There are many paths in life to take
That lead you to places unknown
It is up to you to determine your fate,
Without someone else deciding your own.

Do not let persuasions of others overcome you,
Fight them off one by one;
Clear your thoughts and your mind,
Remember, you are the only one who can decide.

There may be times where you feel alone,
Like no one is on your side;
Echoes of other’s opinions scramble in your head,
But your true distinction will soon be shown.

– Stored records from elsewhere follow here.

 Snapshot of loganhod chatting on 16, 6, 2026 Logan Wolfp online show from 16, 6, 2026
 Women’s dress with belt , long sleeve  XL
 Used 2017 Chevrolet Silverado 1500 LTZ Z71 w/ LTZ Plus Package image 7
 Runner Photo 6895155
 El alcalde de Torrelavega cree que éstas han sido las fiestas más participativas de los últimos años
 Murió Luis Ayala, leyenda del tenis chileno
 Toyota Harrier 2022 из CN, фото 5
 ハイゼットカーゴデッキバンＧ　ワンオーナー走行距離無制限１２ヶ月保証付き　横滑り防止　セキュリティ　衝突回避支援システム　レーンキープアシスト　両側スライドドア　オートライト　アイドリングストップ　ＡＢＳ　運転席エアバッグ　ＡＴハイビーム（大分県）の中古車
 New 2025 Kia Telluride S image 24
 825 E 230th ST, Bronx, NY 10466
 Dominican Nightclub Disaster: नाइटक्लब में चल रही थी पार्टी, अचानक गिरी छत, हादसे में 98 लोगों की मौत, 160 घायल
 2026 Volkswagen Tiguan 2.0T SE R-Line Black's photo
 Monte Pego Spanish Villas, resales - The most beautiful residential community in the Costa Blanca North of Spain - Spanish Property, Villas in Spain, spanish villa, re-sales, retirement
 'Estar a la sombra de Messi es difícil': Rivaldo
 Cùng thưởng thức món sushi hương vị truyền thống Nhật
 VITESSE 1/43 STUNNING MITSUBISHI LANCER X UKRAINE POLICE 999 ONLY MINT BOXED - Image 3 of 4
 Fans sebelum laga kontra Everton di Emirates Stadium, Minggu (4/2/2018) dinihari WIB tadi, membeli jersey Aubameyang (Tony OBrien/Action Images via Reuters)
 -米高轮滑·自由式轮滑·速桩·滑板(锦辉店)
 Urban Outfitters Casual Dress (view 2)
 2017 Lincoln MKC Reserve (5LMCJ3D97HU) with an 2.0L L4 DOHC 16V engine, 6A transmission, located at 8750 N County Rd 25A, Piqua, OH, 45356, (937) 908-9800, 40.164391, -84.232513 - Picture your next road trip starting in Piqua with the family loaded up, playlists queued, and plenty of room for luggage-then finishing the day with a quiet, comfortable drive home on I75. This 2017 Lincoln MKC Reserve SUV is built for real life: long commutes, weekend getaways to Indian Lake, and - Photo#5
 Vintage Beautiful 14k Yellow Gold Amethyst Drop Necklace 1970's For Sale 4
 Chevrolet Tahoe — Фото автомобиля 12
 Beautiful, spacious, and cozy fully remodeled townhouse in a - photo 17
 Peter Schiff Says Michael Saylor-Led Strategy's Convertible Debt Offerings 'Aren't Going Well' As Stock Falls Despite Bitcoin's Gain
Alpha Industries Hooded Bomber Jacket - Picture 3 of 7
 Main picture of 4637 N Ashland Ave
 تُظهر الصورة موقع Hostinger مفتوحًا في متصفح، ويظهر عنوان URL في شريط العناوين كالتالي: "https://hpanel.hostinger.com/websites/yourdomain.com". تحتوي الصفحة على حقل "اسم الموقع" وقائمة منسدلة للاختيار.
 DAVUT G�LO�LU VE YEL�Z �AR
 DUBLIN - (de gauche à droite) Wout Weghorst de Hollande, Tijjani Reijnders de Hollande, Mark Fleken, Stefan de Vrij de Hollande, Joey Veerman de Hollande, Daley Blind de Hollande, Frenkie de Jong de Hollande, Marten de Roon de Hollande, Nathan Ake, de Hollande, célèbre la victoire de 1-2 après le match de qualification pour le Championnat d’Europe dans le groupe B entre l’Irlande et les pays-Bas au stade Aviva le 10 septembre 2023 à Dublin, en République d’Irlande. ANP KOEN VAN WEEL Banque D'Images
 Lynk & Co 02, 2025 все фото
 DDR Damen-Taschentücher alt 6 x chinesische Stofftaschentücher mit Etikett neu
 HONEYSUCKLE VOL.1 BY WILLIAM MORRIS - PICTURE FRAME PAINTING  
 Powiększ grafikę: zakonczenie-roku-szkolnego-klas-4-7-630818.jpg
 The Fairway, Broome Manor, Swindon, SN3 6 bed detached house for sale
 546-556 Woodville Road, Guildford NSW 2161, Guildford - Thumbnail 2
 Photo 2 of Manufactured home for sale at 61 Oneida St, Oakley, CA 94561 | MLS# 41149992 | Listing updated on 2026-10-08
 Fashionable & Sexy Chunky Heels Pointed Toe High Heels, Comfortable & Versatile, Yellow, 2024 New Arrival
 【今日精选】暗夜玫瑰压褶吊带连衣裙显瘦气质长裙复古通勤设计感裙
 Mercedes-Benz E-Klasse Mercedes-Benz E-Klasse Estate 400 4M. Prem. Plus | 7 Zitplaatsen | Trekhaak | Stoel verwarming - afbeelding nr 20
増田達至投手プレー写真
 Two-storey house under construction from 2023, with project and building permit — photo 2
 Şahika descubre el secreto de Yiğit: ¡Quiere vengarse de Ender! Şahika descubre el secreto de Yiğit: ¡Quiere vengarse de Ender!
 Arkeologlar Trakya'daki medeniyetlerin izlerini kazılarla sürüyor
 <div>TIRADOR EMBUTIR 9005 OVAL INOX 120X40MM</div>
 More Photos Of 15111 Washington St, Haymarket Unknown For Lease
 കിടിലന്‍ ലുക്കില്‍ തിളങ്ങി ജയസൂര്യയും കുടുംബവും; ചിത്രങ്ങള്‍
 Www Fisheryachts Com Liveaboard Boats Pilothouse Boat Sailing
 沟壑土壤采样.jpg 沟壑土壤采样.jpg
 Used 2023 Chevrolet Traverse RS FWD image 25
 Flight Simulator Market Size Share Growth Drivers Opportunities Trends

When it comes to deciding on which path you take,
Your mind is already made up;
Even if your path is different from the rest,
You will have confidence in your decision,
Knowing it was your own and the best.

2007-05-31 08:58:08 · 3 answers · asked by Anonymous in Education & Reference Quotations

3 answers

Well, I probably won't be too good at this, but I can try :) I'll put changes in capitals to what I would say, but you can always change it later if you want. :)

There are many paths in life to take
That lead (deleted "you") to places unknown
It is up to you to determine your fate,
AND YOU MUST DO IT ON YOUR own.

Do not let persuasions (delete "of others") overcome you,
Fight them off one by one;
Clear your thoughts and (delete "your") mind,
Remember, YOU'RE (I don't know if you are allowed to to this, short form of you are, but the sentance is too long...) the only one who can decide.

There may be times where you feel alone,
Like no one is on your side;
Echoes of other’s opinions scramble in your head,
But your true distinction will soon be shown.
(The rhyming in this is different than that of the rest of the poem ... so you can maybe try put it in a different order.)

When it comes to deciding UPON which path TO take,
Your mind is already made up;
Even if your path is different from the rest,
You will have confidence in your decision,
KNOWING YOU DIDN'T LETUP.
(This last line needed to rhyme with up, and that's all I could think of...sorry :()

I hope I could help a little, I'm not that great at poetry, but I was actually trying to write a poem earlier today :) I'm not too great at finding rhyming words. I hope you have fun writing! :)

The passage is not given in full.